Oleh : Johanis Kopong
Dirjen PHPT: Informasi Itu Tidak Benar, Negara Tidak Merampas Hak Rakyat
http://suaraanaknegerinews.com | Jakarta — Kementerian Agraria dan Tata Ruang/Badan Pertanahan Nasional (ATR/BPN) menegaskan bahwa isu yang beredar terkait pengambilalihan tanah tak bersertipikat oleh negara mulai tahun 2026 adalah tidak benar.
Klarifikasi ini disampaikan langsung oleh Direktur Jenderal Penetapan Hak dan Pendaftaran Tanah (Dirjen PHPT) Asnaedi dalam keterangan persnya di Jakarta, Senin (30/6/25).
“Informasi bahwa tanah girik yang tidak didaftarkan hingga 2026 akan diambil negara itu tidak benar,” tegas Asnaedi menanggapi keresahan sebagian masyarakat.

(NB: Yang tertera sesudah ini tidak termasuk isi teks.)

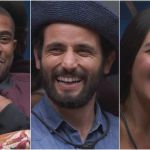 Davi perde para Matteus e Isabelle em ranking de finalistas 'menos rejeitados' do BBB 24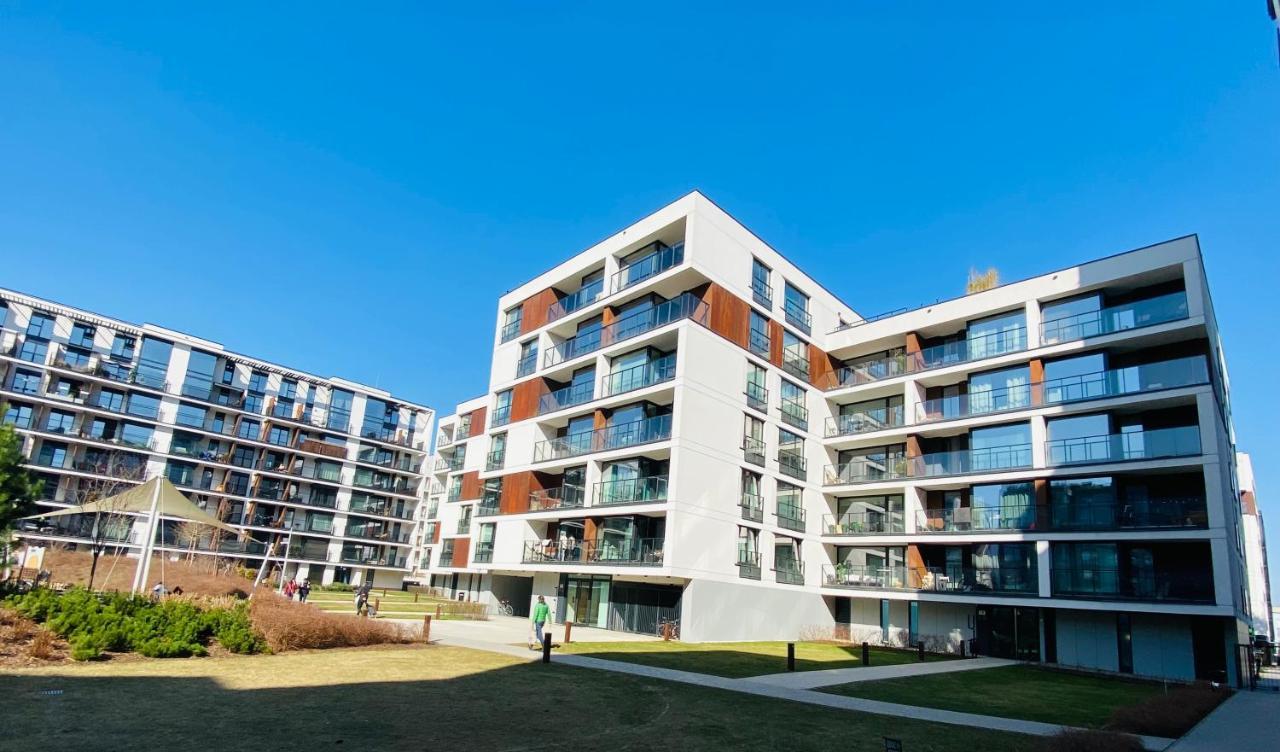 Warsaw City Comfort Apartments 외부 사진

Tanah Girik Masih Bisa Dikonversi, Bukan Bukti Mutlak Kepemilikan
Menurut Asnaedi, sejak lama tanah girik, verponding, dan letter C bukanlah alat bukti kepemilikan mutlak, tetapi bisa dijadikan petunjuk bahwa tanah tersebut memiliki riwayat penguasaan atau kepemilikan secara adat.
“Seperti tercantum dalam Undang-Undang Nomor 5 Tahun 1960 tentang Pokok-Pokok Agraria (UUPA), tanah bekas hak lama dapat dilakukan pengakuan, penegasan, dan konversi sesuai ketentuan yang berlaku,” jelasnya.
Ia juga menekankan bahwa negara tidak serta merta mengambil alih tanah yang belum bersertipikat, selama tanah tersebut masih dikuasai dan ada bukti penguasaan secara fisik maupun administratif.
“Kalau giriknya ada, tanahnya ada, dan masih dikuasai oleh pemiliknya, maka tidak ada alasan negara mengambil alih tanah itu,” ujarnya.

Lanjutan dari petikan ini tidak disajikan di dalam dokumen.